Therefore, the adaptation to ex vitro environments represents a critical bottleneck, significantly restricting the large-scale production of micropropagated plants.

The use of climate chambers has demonstrated a positive effect on the adaptation of microplants during the critical stages of propagation. These chambers provide controlled environments with adjustable temperature, humidity, and lighting, utilizing sodium lamps and energy-efficient LED lighting systems [29,30]. LEDs offer significant advantages over traditional lighting technologies, reducing the energy consumption and optimizing the light spectra to meet plant developmental needs. This is especially critical during early production stages, when the plants are small and have minimal spatial requirements [31,32].

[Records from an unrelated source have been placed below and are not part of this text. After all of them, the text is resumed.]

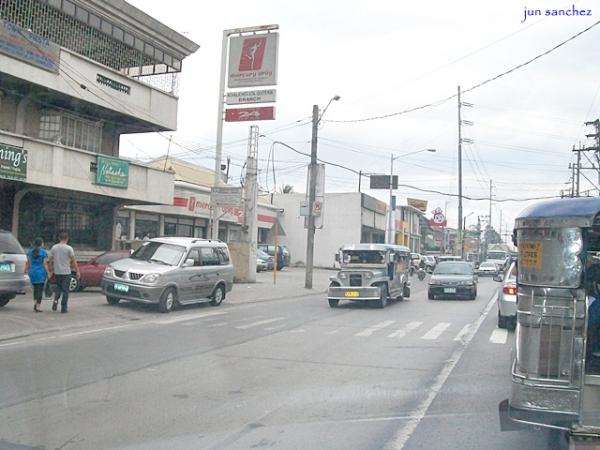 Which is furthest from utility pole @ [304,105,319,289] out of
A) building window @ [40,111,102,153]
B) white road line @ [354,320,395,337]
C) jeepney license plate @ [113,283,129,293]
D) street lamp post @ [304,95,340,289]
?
jeepney license plate @ [113,283,129,293]

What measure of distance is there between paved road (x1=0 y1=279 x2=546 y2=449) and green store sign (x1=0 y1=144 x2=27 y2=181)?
23.8 ft

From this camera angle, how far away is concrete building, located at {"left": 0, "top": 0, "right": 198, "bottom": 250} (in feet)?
64.5

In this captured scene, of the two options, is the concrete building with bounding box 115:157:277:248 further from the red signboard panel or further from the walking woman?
the walking woman

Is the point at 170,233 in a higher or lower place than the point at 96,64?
lower

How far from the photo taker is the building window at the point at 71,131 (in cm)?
2236

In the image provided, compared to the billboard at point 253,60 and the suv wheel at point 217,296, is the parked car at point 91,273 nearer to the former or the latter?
the suv wheel at point 217,296

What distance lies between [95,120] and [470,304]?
15504 mm

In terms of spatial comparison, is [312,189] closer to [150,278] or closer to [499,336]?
[150,278]

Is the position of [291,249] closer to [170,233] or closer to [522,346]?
[170,233]

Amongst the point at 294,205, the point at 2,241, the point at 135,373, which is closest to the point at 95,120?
the point at 2,241

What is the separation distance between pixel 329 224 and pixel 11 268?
4320 centimetres

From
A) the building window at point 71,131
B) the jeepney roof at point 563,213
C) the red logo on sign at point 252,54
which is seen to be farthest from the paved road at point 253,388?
the red logo on sign at point 252,54

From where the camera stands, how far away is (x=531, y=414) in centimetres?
530

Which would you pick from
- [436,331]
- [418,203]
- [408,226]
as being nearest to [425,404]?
[436,331] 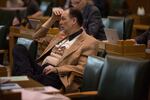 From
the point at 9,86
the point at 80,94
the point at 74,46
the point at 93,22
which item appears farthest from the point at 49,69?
the point at 93,22

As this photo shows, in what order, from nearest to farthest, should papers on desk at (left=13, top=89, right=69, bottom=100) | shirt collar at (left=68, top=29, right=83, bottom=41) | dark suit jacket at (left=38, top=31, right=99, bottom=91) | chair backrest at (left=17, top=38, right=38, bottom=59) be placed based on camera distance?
papers on desk at (left=13, top=89, right=69, bottom=100) → dark suit jacket at (left=38, top=31, right=99, bottom=91) → shirt collar at (left=68, top=29, right=83, bottom=41) → chair backrest at (left=17, top=38, right=38, bottom=59)

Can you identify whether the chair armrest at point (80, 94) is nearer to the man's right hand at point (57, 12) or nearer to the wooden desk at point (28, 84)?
the wooden desk at point (28, 84)

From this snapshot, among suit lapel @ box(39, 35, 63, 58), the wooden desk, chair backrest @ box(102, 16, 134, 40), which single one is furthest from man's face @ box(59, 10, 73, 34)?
chair backrest @ box(102, 16, 134, 40)

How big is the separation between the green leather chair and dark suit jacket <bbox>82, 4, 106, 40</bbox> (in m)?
2.13

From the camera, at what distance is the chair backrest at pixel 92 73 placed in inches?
119

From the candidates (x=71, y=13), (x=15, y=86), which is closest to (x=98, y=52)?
(x=71, y=13)

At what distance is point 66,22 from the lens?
12.7 ft

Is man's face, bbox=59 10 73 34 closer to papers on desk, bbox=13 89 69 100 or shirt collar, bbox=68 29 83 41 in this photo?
shirt collar, bbox=68 29 83 41

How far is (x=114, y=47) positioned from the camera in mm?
3824

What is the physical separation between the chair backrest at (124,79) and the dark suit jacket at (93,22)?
2.13 m

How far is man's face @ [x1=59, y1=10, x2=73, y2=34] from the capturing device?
3.85 metres

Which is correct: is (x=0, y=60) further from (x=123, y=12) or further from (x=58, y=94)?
(x=123, y=12)

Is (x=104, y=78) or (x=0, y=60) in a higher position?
(x=104, y=78)

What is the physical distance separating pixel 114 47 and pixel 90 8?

The efficiency of LED lighting lies in its ability to manipulate the spectral composition of light, which plays a pivotal role in regulating in vitro plant growth and development. Optimally selected combinations of light spectra, including red, green, blue, violet, and white light, affect physiological processes, such as photosynthesis, and morphological features, including shoot elongation, axillary shoot formation, somatic embryo induction, rhizogenesis, and leaf anatomy [33,34]. LED lighting (red, blue, infrared, and ultraviolet) had a positive impact on root system development, shoot length, number of leaves, and chlorophyll content in cultivars of plum and raspberry microplants during the ex vitro adaptation stage [35,36].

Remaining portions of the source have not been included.